Social Networking. Ah, the Facebook pages and the Twitters. When it comes to social networking, your professional face becomes your personal one as well. Nowadays, the professional and personal networking lines keep crossing paths. If you aren’t comfortable with sharing personal details or events with your professional colleagues, you will want to be aware of your list, privacy, and other settings. Find Them Online: Facebook, Twitter and Google+.
Now that you have your basics down, how should you go about it?
Budget the hours you will spend on networking, and stick to it: Don’t attend every morning business meetup with a free continental attached, unless you just really like free breakfast. Try to expand your outlook and reach outside of your immediate circle. If a few meetings don’t result in a strong connection, contact, or referral, move onto another group. Shake it up a little, whether it be in geographic area or otherwise.
Know who you are out to meet: Whether you are out to meet colleagues, prospects, or just out to learn about a new topic, go to your networking event with a focus in mind.
Networking with related industries, such as banking professionals, small business marketing consultants and graphic designers, has its own unique potential. Not only are you meeting colleagues, but you are also meeting prospective clients through word of mouth.
In addition, don’t be afraid to ask a colleague, “Hey, I’m trying to find some x opportunities. Do you have any contacts or ideas?” A warm introduction is always preferred to a cold call, and most people like being asked for their opinion, and to help out.
Be a thought leader: Everyone should be a thought leader. We’ve entered an era where, in business at least, everyone is looking for an expert with an edge, and your unique ideas or approach will become your calling card. Develop some unique (keyword – unique) content and ideas, don’t be afraid to show your passion and voice, and be someone others can come to for advice.
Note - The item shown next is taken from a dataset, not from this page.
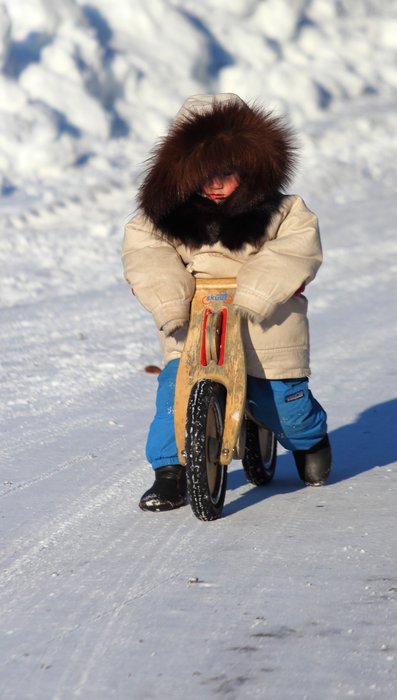 Around Seldovia, the road proves easier than the backcountry for a short-legged traveler.  January 2012.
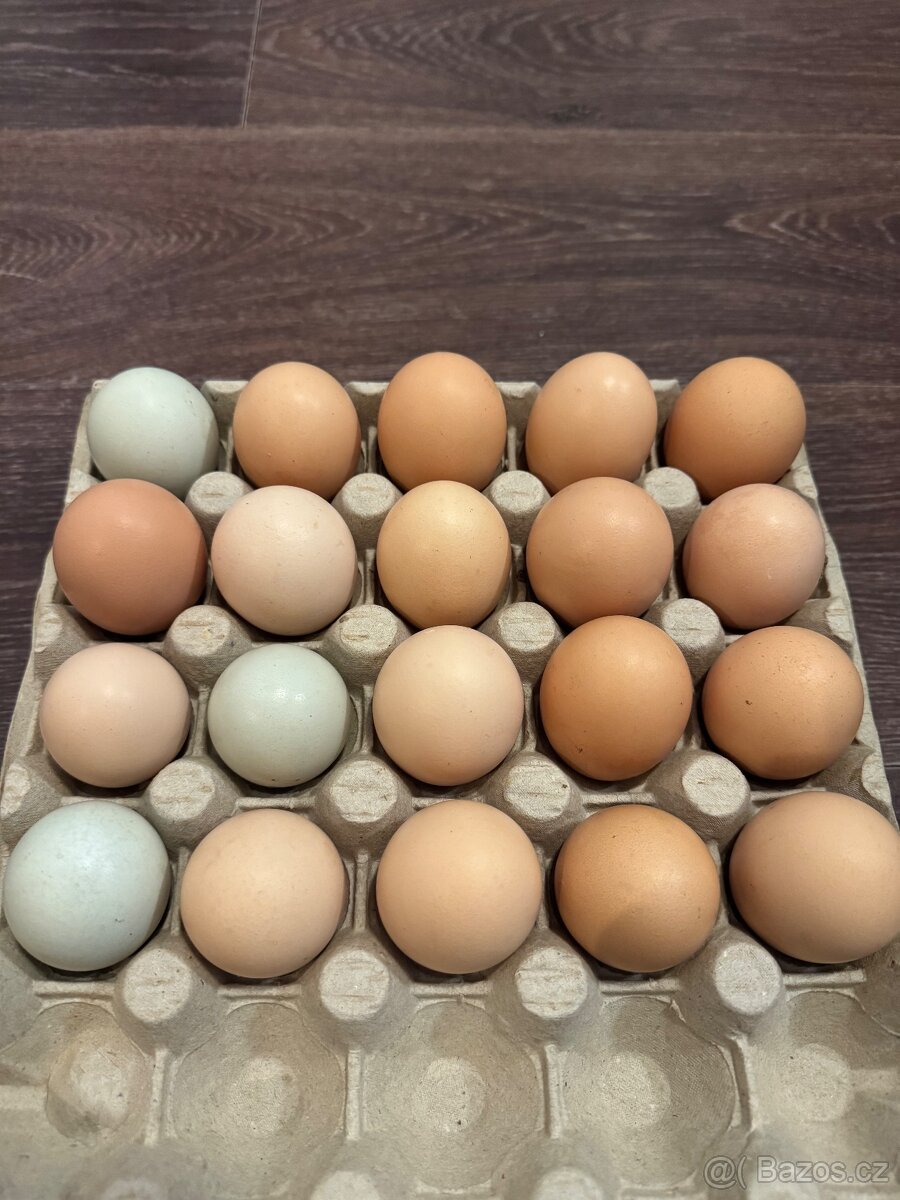 Čerstvé domácí vejce - 2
Show and bring value: Networking is two-sided. It’s important to add value to a new networking relationship, and for it to be mutually beneficial. At the very least, it’s good to have a colleague to bounce ideas off of. Eventually, many networking contacts will fade away, but the truly valuable ones will always be there.
The idea is to have a nice mix of networking events that provide a balanced spread of exposure, knowledge-growth, and other benefits, without eating away your day. While you don’t want to introduce yourself with dollar signs in your eyes (we can all see them from a few hundred yards away, guys), walking into mutually beneficial and naturally fitting business relationships is always going to help your business and network grow.